> Work order
Count every line below containing "Print"; state the number only.

> Input
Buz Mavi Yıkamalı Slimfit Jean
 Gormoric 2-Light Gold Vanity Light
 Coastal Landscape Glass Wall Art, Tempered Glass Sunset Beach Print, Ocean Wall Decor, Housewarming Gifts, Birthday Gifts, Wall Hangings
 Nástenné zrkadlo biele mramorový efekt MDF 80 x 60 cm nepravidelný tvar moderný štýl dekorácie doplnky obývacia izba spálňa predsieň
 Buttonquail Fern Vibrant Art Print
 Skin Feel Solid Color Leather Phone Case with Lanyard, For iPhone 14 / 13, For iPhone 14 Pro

> Response area
2